## [PROBLEM REQUIREMENTS]
Exactly as written, transcribe the data that follows.

## [EXERCISE DATA]
--------------------
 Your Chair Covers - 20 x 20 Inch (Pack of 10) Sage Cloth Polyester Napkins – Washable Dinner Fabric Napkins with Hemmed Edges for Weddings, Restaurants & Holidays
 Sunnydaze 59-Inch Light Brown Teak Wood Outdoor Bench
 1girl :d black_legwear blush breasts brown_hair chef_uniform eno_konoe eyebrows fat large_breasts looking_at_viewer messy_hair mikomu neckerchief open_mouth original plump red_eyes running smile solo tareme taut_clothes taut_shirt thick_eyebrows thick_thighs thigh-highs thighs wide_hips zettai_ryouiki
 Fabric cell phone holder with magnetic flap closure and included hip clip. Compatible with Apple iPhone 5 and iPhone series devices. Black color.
--------------------
## [TASK RESULT]
 Your Chair Covers - 20 x 20 Inch (Pack of 10) Sage Cloth Polyester Napkins – Washable Dinner Fabric Napkins with Hemmed Edges for Weddings, Restaurants & Holidays
 Sunnydaze 59-Inch Light Brown Teak Wood Outdoor Bench
 1girl :d black_legwear blush breasts brown_hair chef_uniform eno_konoe eyebrows fat large_breasts looking_at_viewer messy_hair mikomu neckerchief open_mouth original plump red_eyes running smile solo tareme taut_clothes taut_shirt thick_eyebrows thick_thighs thigh-highs thighs wide_hips zettai_ryouiki
 Fabric cell phone holder with magnetic flap closure and included hip clip. Compatible with Apple iPhone 5 and iPhone series devices. Black color.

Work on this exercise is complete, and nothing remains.